== Work instructions ==
Set down, exactly as written, the lines from the line holding "Poster in metallo birra e shots" to the end of the data, inclusive, skipping any pictures.

== Supplied data ==
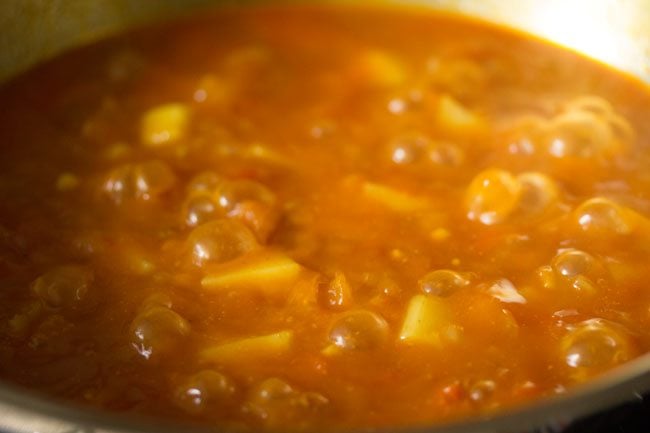 potato curry simmering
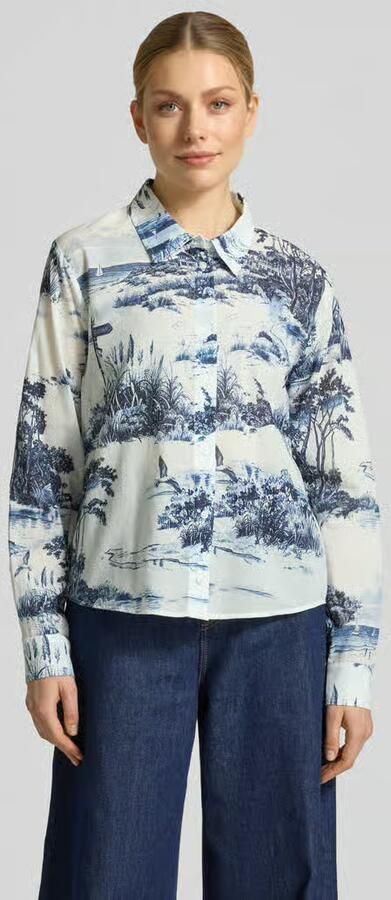 Monari slim fit blouse in allover-look model 'Hamptons Landschaft' - Foto 4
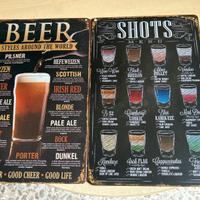 Poster in metallo birra e shots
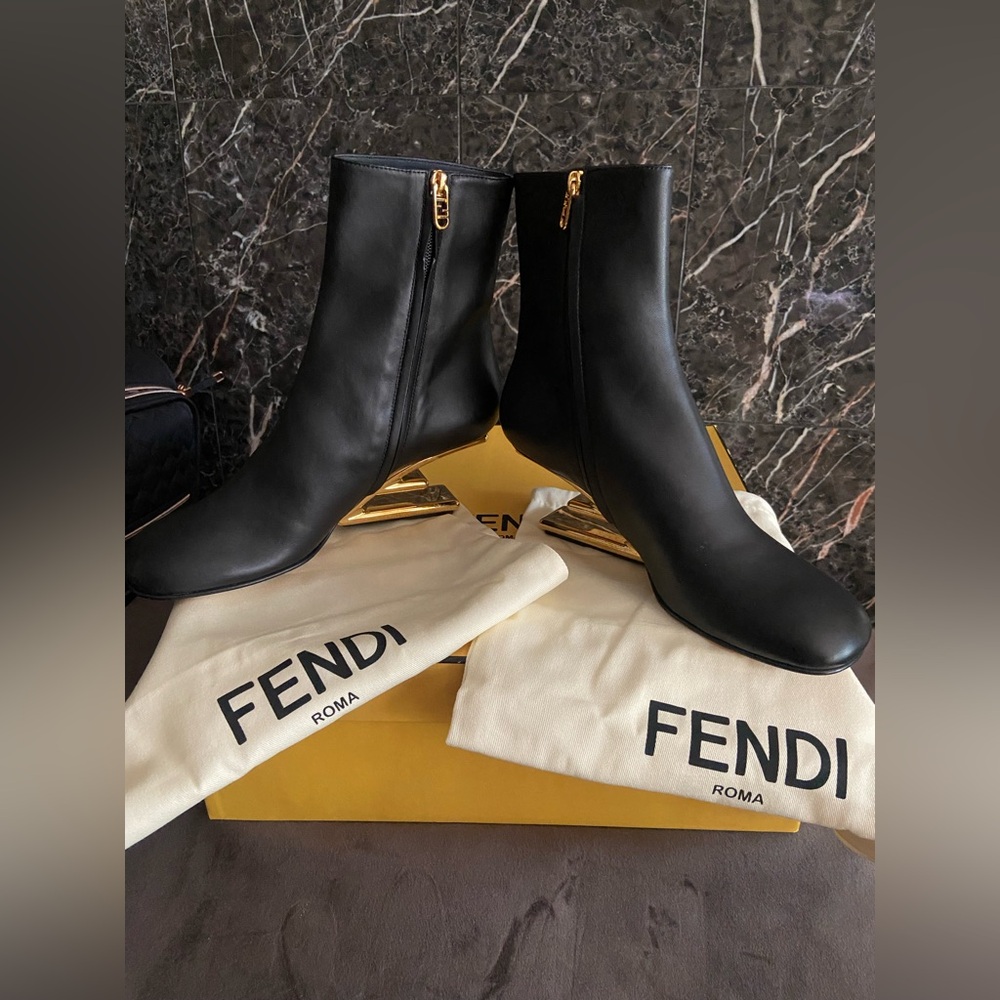 Fendi First Black Ankle Boots with Gold Heel. ⚜️ - Picture 13 of 16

== Expected output ==
 Poster in metallo birra e shots
 Fendi First Black Ankle Boots with Gold Heel. ⚜️ - Picture 13 of 16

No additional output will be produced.